The tensornet backend represents quantum states and circuits as tensor networks in an exact form (no approximation). Measurement samples and expectation values are computed via tensor network contractions. This backend supports multi-node, multi-GPU distribution of tensor operations required to evaluate and simulate the circuit.

To execute a program on the tensornet target using a single GPU, use the following commands:

python3 program.py [...] --target tensornet

The target can also be defined in the application code by calling


If a target is set in the application code, this target will override the --target command line flag given during program invocation.

nvq++ --target tensornet program.cpp [...] -o program.x

If you have multiple GPUs available on your system, you can use MPI to automatically distribute parallelization across the visible GPUs.


If you installed the CUDA-Q Python wheels, distribution across multiple GPUs is currently not supported for this backend.
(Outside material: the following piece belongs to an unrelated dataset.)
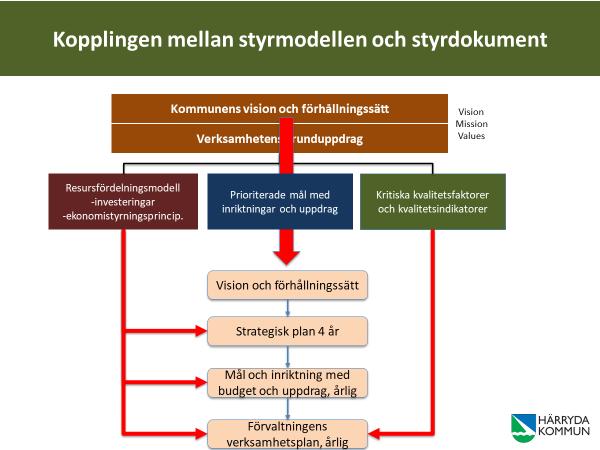 Styrdokument Demokratiberedningen föreslår att den politiska viljan ska tydliggöras genom att dela upp styrningen i olika styrdokument som kommunfullmäktige, kommunstyrelsen och nämnderna beslutar om.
We will add support for it in future releases. For more information, see this GitHub issue.

Use the following commands to enable distribution across multiple GPUs (adjust the value of the -np flag as needed to reflect available GPU resources on your system):

mpiexec -np 2 python3 program.py [...] --target tensornet

In addition to using MPI in the simulator, you can use it in your application code by installing mpi4py, and invoking the program with the command

mpiexec -np 2 python3 -m mpi4py program.py [...] --target tensornet
nvq++ --target tensornet program.cpp [...] -o program.x
mpiexec -np 2 ./program.x


If the CUTENSORNET_COMM_LIB environment variable is not set, MPI parallelization on the tensornet backend may fail. If you are using a CUDA-Q container, this variable is pre-configured and no additional setup is needed. If you are customizing your installation or have built CUDA-Q from source, please follow the instructions for activating the distributed interface for the cuTensorNet library. This requires installing CUDA development dependencies, and setting the CUTENSORNET_COMM_LIB environment variable to the newly built libcutensornet_distributed_interface_mpi.so library.
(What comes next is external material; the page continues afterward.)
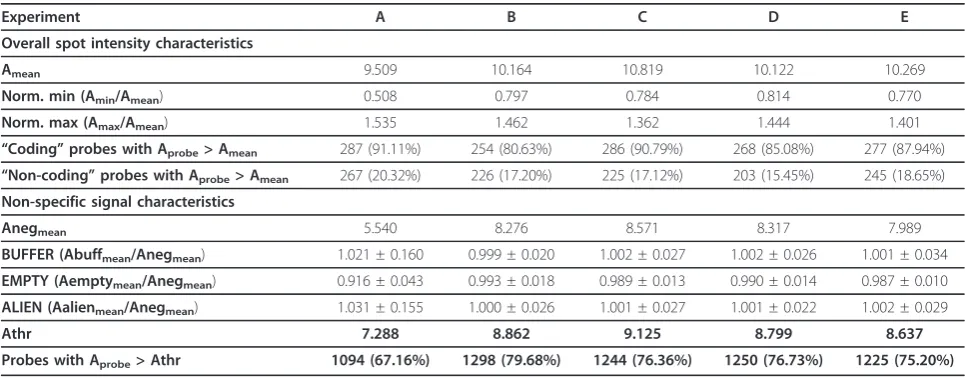 Table 2 Discrepancies from the probe genome perfect complementarities in inverted repeat regions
Specific aspects of the simulation can be configured by setting the following of environment variables:

  • `CUDA_VISIBLE_DEVICES=X`: Makes the process only see GPU X on multi-GPU nodes. Each MPI process must only see its own dedicated GPU. For example, if you run 8 MPI processes on a DGX system with 8 GPUs, each MPI process should be assigned its own dedicated GPU via CUDA_VISIBLE_DEVICES when invoking mpiexec (or mpirun) commands.
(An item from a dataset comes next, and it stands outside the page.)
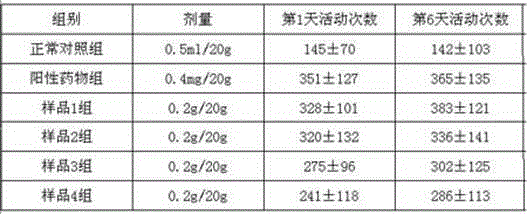 Compound silkworm chrysalis bioactive small peptide composition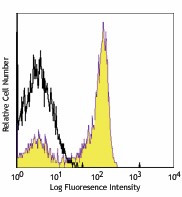 PerCP anti-human CD27 Antibody (302817)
  • `OMP_PLACES=cores`: Set this environment variable to improve CPU parallelization.


  • `CUDAQ_TENSORNET_CONTROLLED_RANK=X`: Specify the number of controlled qubits whereby the full tensor body of the controlled gate is expanded. If the number of controlled qubits is greater than this value, the gate is applied as a controlled tensor operator to the tensor network state. Default value is 1.

  • `CUDAQ_TENSORNET_OBSERVE_CONTRACT_PATH_REUSE=X`: Set this environment variable to TRUE (ON) or FALSE (OFF) to enable or disable contraction path reuse when computing expectation values. Default is OFF.

  • `CUDAQ_TENSORNET_NUM_HYPER_SAMPLES=X`: Specify the number of hyper samples used in the tensor network contraction path finder. Default value is 8 if not specified.


This backend requires an NVIDIA GPU and CUDA runtime libraries. If you do not have these dependencies installed, you may encounter an error stating Invalid simulator requested. See the section Dependencies and Compatibility for more information about how to install dependencies.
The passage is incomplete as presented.